Святогорские монахи заходили и в Михайловское. И очень может быть, что на вопрос Пушкина о том, как идут у них дела, они отвечали жалобами, напоминающими сетования отца Варлаама: «Плохо, сыне, плохо! ныне христиане стали скупы; деньгу любят, деньгу прячут. Мало богу дают. Все пустились в торги, в мытарства; думают о мирском богатстве, не о спасении души. Ходишь, ходишь; молишь, молишь; иногда в три дни трёх полушек не вымолишь. Такой грех! Пройдёт неделя, другая, заглянешь в мошонку, ан в ней так мало, что совестно в монастырь показаться; что делать? с горя и остальное пропьёшь; беда да и только. Ох, плохо, знать пришли наши последние времена…»

Кроме святогорских монахов, ещё одно «духовное лицо» стояло перед глазами Пушкина, когда он работал над сценой в корчме. Это был священник Воскресенской церкви в деревне Вороничи — поп Шкода.

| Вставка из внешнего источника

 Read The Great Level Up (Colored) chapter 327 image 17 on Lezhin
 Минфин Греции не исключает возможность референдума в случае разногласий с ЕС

Прозвище своё «Шкода» отец Илларион Раевский получил за весёлый и проказливый нрав. Любил он «пошкодить». Даже во время проповеди потешал прихожан шутками, прибаутками, озорными выходками. И чарочкой не гнушался.

Как рассказывали знавшие его, внешностью поп Шкода был вылитый Варлаам: «А росту он среднего, лоб имеет плешивый, бороду седую, брюхо толстое».

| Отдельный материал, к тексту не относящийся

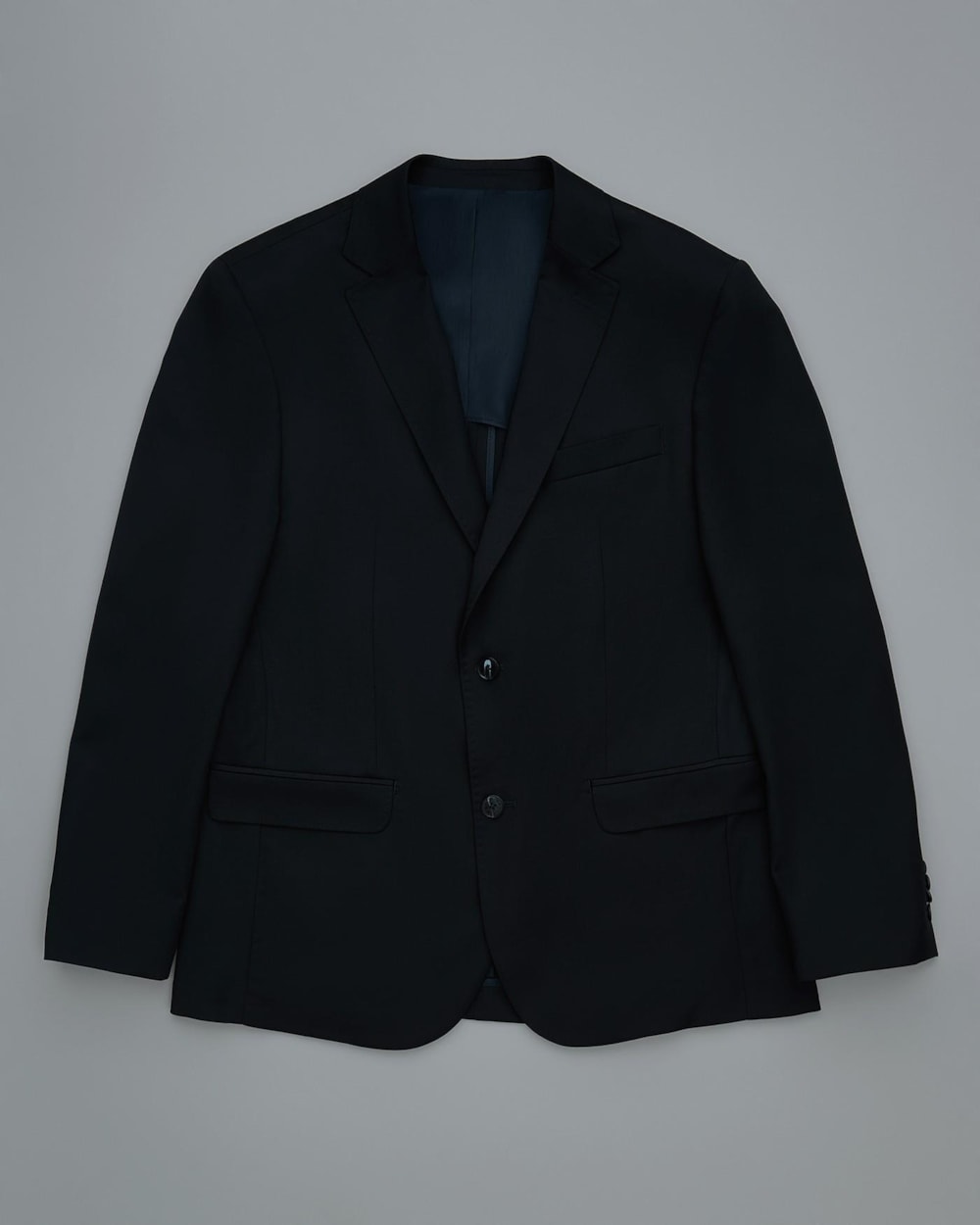 Blazer Casual Lã Fria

С этим простецким балагуром-попом очень любил потолковать Пушкин. Дочь попа Шкоды, Акулина Илларионовна, вспоминала впоследствии: «Покойный Александр Сергеевич очень любил моего тятеньку… И к себе в Михайловское тятеньку приглашали и сами у нас бывали совсем запросто… Подъедет это верхом к дому и в окошко плетью цок. „Поп у себя?“ — спрашивает… А если тятеньки не случится дома, всегда прибавит: „Скажи, красавица, чтоб беспременно ко мне наведался, мне кой о чём потолковать с ним надо!“ И очень они любили с моим тятенькой толковать… потому, хотя мой тятенька был совсем простой человек, но ум имел сметливый, и крестьянскую жизнь, и всякие крестьянские пословицы и приговоры весьма примечательно знал… Только вот насчёт божественного они с тятенькой не всегда сходились и много споров у них через это выходило. Другой раз тятенька вернётся из Михайловского туча тучей, шапку швырнёт: „Разругался я, — говорит, — сегодня с михайловским барином вот до чего — ушёл… даже не попрощавшись… книгу он мне какую-то богопротивную всё совал, — так и не взял, осердился!“ А глядишь, двух суток не прошло — Пушкин сам катит на Воронич, в окошко плёткой стучит. „Дома поп? — спрашивает. — Скажи, — говорит, — я мириться приехал“. „Простодушный был барин, отходчивый…“. „Я так про себя полагаю, — прибавляла Акулина Илларионовна, — что Пушкин через евонные тятенькины разговоры кой-чего хорошего в свои сочинения прибавлял“».